W Teatrze im. Cypriana Kamila Norwida w Jeleniej Górze już w sobotę (12 czerwca) premiera farsy "Prezent urodzinowy" (org. "Birthday Suite") pióra Robina Hawdona. Spektakl w przekładzie Elżbiety Woźniak reżyseruje Jerzy Bończak.
Lepiej zastanów się dwa razy, nim przyjmiesz prezent urodzinowy od przyjaciela. Dlaczego? Wyobraź sobie taką sytuację – właśnie rozstałeś się z żoną i z okazji urodzin twój przyjaciel podarował ci upojną noc w hotelu z pewną tajemniczą kobietą" – tak rozpoczyna się opis spektaklu „Prezent urodzinowy" w Teatrze im. Norwida.
Robin Hawdon to jeden z najpopularniejszych autorów angielskich sztuk - komedii i fars, w tym "Bóg i Stephen Hawking", "In Flagranti", "Jak na wulkanie", "Lewe interesy", "Bóg i Stephen Hawking", "Weekend z R." czy "Wieczór kawalerski".
Reżyserii "Prezentu urodzinowego" podjął się Jerzy Bończak, którego chyba nikomu przedstawiać nie trzeba. Wspomnieć należy, że zagrał w ok. 150 filmach i produkcjach telewizyjnych, wystąpił w wielu sztukach Teatru im. Stefana Jaracza w Olsztynie oraz w teatrach warszawskich: Rozmaitości, Nowym i Kwadrat, był też reżyserem ponad 40 spektakli teatralnych. To już jego druga realizacja przygotowana w Teatrze im. Norwida, w 2018 wyreżyserował "Osiem kobiet" autorstwa Roberta Thomasa.

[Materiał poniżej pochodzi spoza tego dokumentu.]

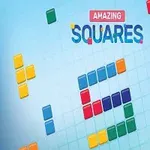 Bloky rôznych farieb usporiadané do tvaru písmena „S“ na modrom pozadí s textom „Amazing Squares“ hore
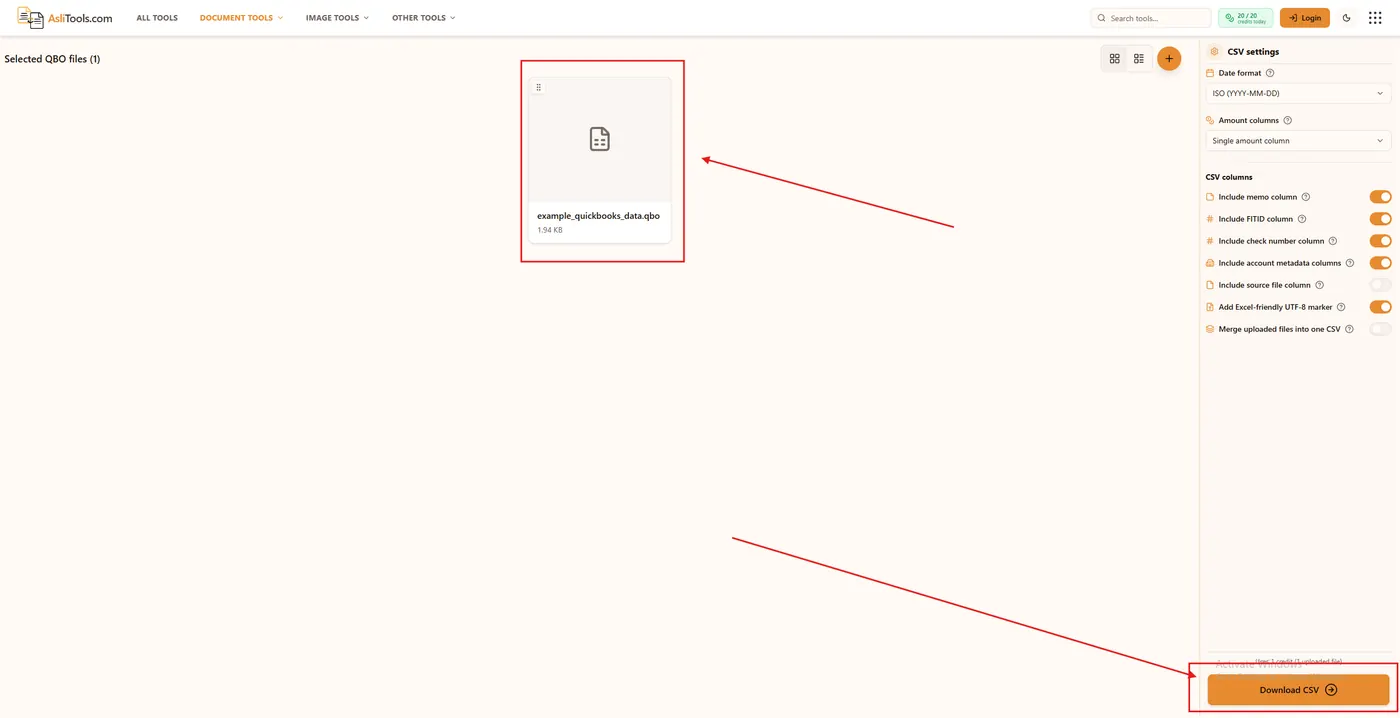 Download CSV after converting a QBO file on Asli Tools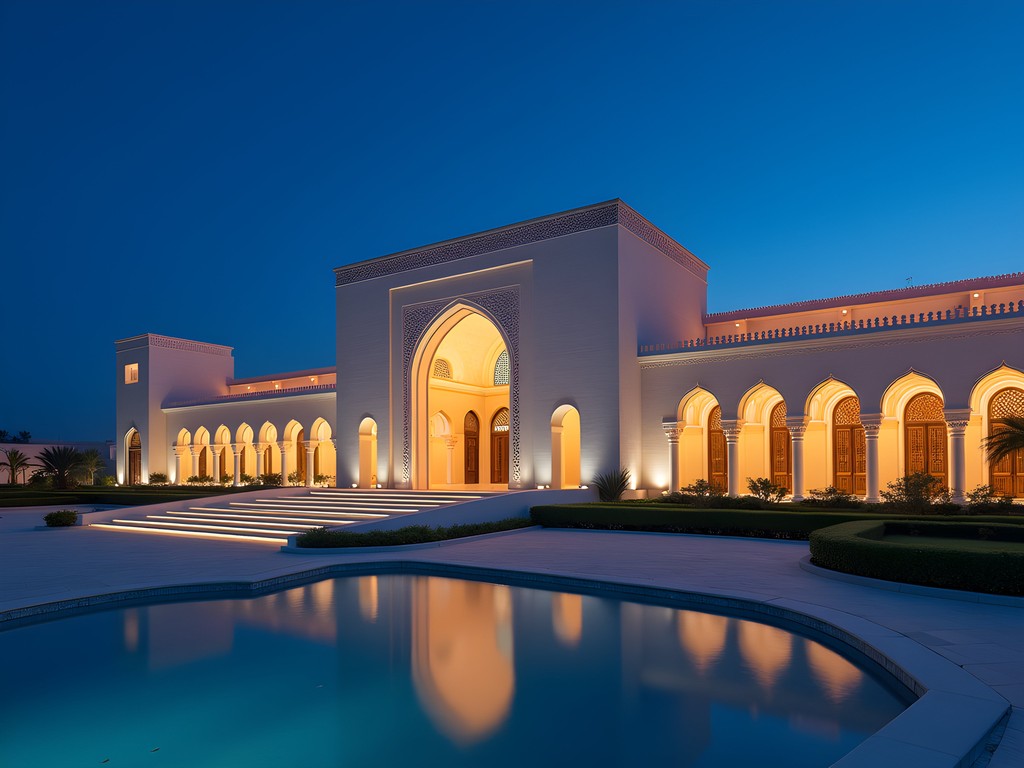 Illuminated exterior of Royal Opera House Muscat at dusk showing contemporary Omani architecture
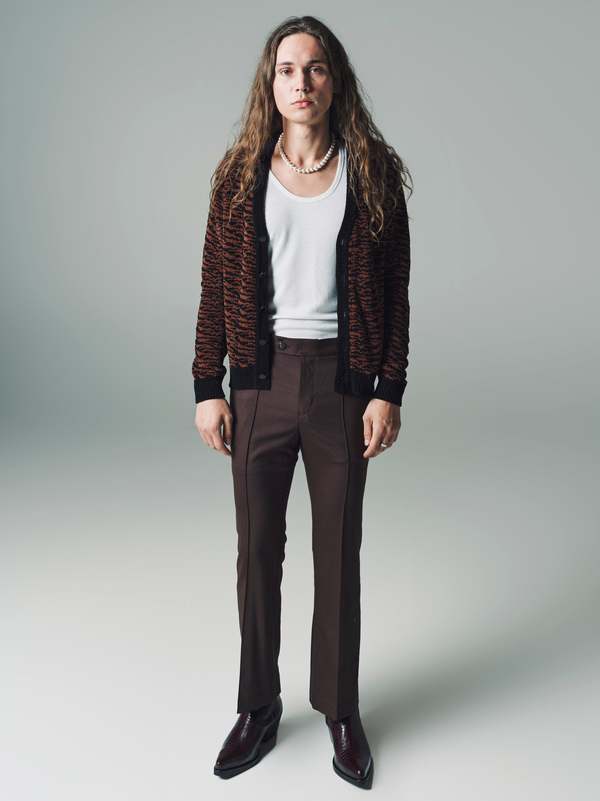 Ernest W. Baker Jacquard Cardigan - Black/Brown Zebra | Garmentory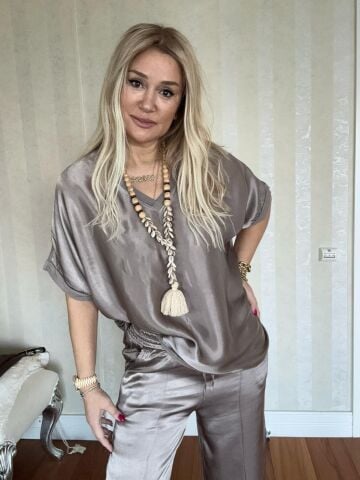 Via Gümüş Saten Takım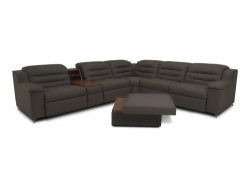 Sala Reclinable Lotus Con Consola De Piel Marca Palliser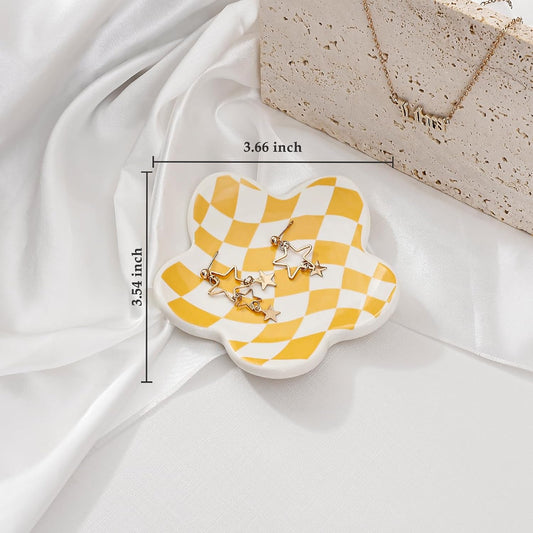 Aesthetic Jewelry Tray for Girls, Decorative Bedroom Vanity Organizer, Preppy Teen Room Decor Accessories, Gift for Women (Yellow White Diamond Grid)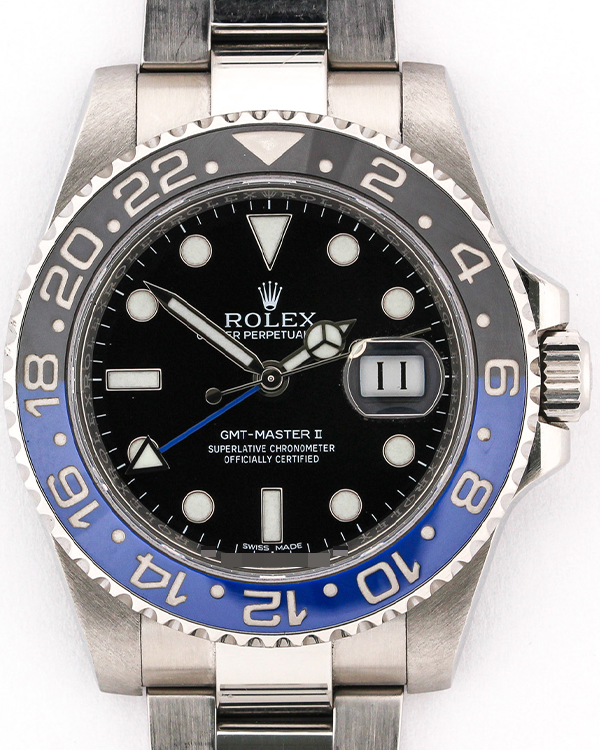 2014 Rolex GMT-Master II "Batman" 40MM Black Dial Steel Bracelet (116710BLNR)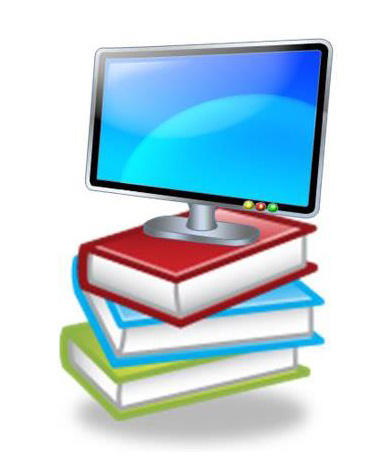 Display monitor on a stack of books Display monitor on a stack of books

W tym roku Jerzy Bończak obchodzi 50-lecie pracy. - W tym czasie spotykały mnie tak różne rzeczy, przyjemne i nieprzyjemne, że jestem przyzwyczajony, jeśli nie mam takiej reakcji ze strony widza, jakiej bym oczekiwał; wtedy się specjalnie tym nie smucę, wiem, że jutro będzie lepiej - mówi Jerzy Bończak.
Scenografię opracowała Klaudia Solarz, a kostiumy przygotował Sylwester Krupiński. Opracowanie muzyczne - Marian Szałkowski.
Grają: Marta Kędziora, Magdalena Kępińska, Jacek Grondowy, Piotr Konieczyński oraz Robert Mania.